Further, where users would expect Trouvé to be ordered in search results along with Trouve, they weren't. The ordering of the é character was happening after z if I recall correctly (actually this might not have been with this Latin character, have been before a or after z). Anyways it wasn't ordered where users were expecting it to be. The international sampling of application users that I polled agreed that this type of behaviour would be what is expected.

Why Searching Was Broken
Database collations in SQL Server:

  1. Control the sort order of characters
  2. Control the searching behaviour of characters
All SQL Server installations start with a default collation – typically the instance and default databases will share the same collation. Characters in this case are either Unicode or non-Unicode (i.e. NVARCHAR OR VARCHAR).

In the case of the contacts database in question, the database instance collation was set to SQL_Latin1_General_CP1_CI_AS, while the specific database collation was Latin1_General_CI_AS. For what it's worth, it's not an issue that your instance's collation is different from a DB's collation.

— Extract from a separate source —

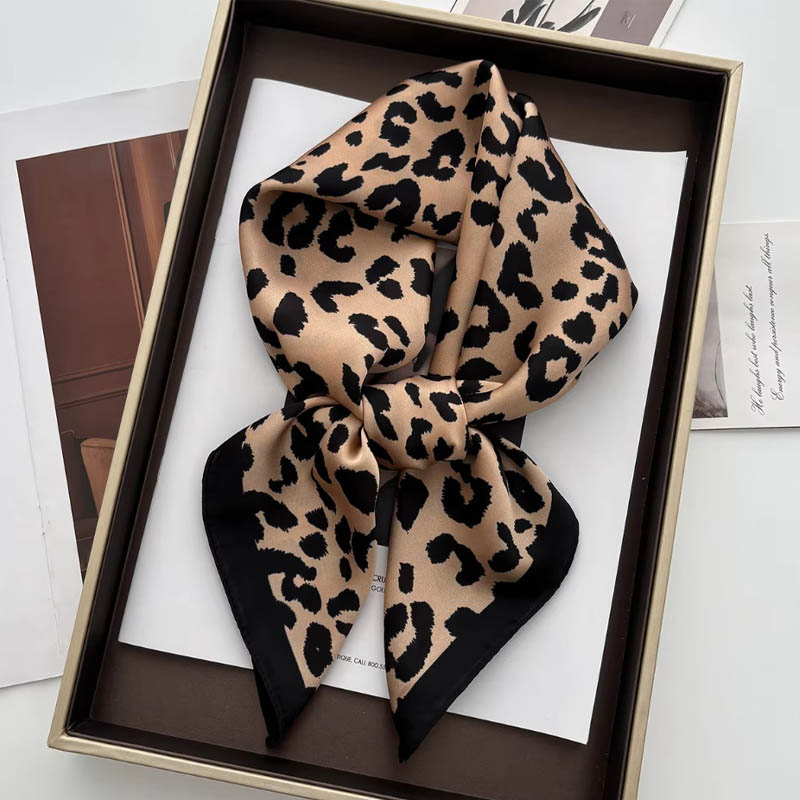 الفاخرة ليوبارد طباعة الإناث ا - مراجعة Ascot Neck Scarf وسعره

The contacts table's collation was defaulting to the default collation of the database that it was contained within, Latin1_General_CI_AS. There is a hierarchy of collations resembling this: Database Instance > Database > Table > Column

Database, table, and column string sort and comparisons can all therefore happen with any variety and combination of collations. Of course, in practice it can be a nightmare if it “just happens to be that way”, but it could also be necessary depending on your needs.

It’s therefore obvious that an accent sensitive collation would clearly not work very well for typical real world needs like this.

Collations Available in SQL Server
You can find what your SQL Server installations supported collations are by running the following from your SQL client:

SELECT *
FROM ::fn_helpcollations()
where name like 'Latin1_General_CI_AS'

This returns the following results:
Latin1_General_CI_AS : Latin1-General, case-insensitive, accent-sensitive, kanatype-insensitive, width-insensitive

What’s in a Collation Name
From SQL Server’s Books Online, a collation name is broken down into these parts:
::sql_::sortrules::CodePage::ComparisonStyle

Without boring you to death on the details of a collation name, I'll leave it to you to review what these parts represent other than the ComparisonStyle part. ComparisonStyle allows you to specify a collation's case sensitivity and accent sensitivity.

Thus, my contact database's default collation of Latin1_General_CI_AS indicated that SQL Server would use the Latin1_General language setting for its sorting rules, and more importantly, that sorting and comparison operations would be case insensitive, accent sensitive.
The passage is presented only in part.